══ The data

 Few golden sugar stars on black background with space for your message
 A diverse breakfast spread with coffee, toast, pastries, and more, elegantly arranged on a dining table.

════
══ The data

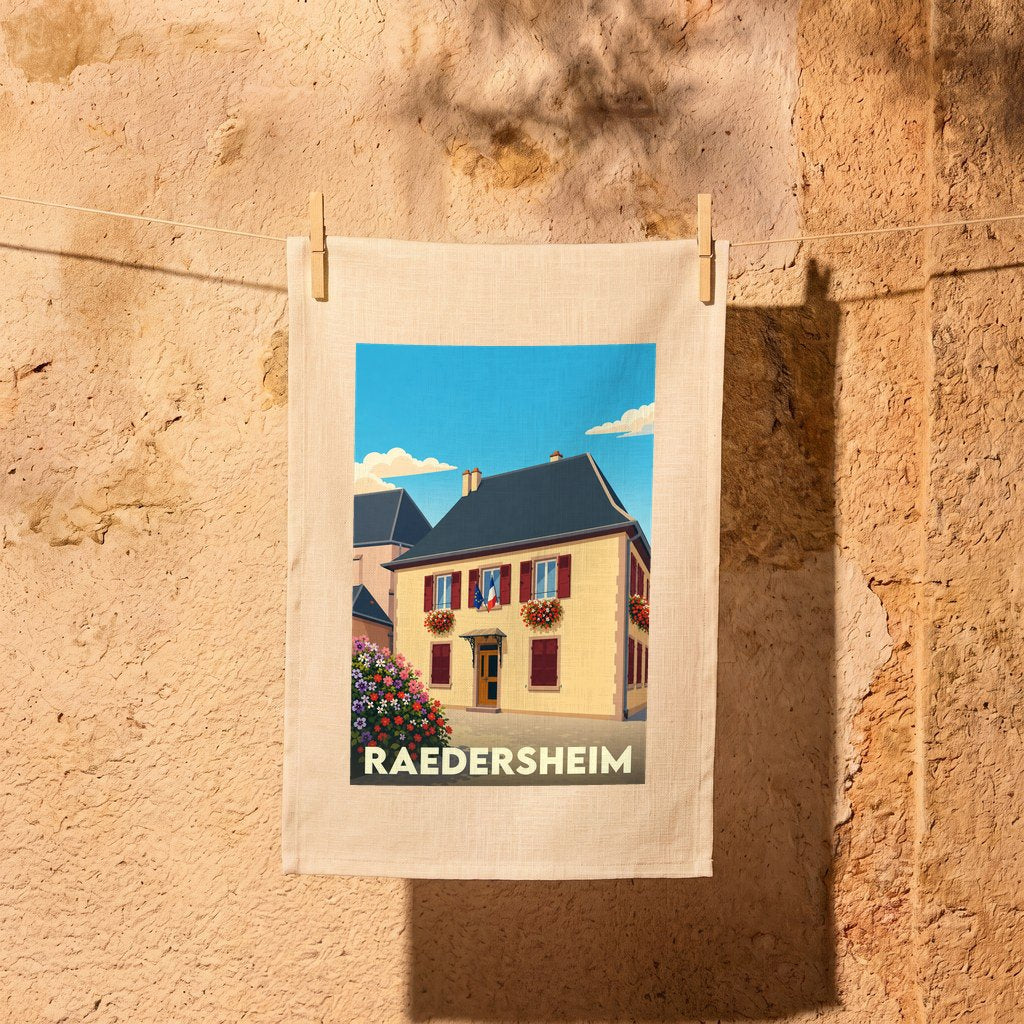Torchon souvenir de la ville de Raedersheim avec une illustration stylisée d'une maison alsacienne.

════

→ Aim of the task:
Among the lines above, return those that hold the word "with".

→ Exercise result:
 Few golden sugar stars on black background with space for your message
 A diverse breakfast spread with coffee, toast, pastries, and more, elegantly arranged on a dining table.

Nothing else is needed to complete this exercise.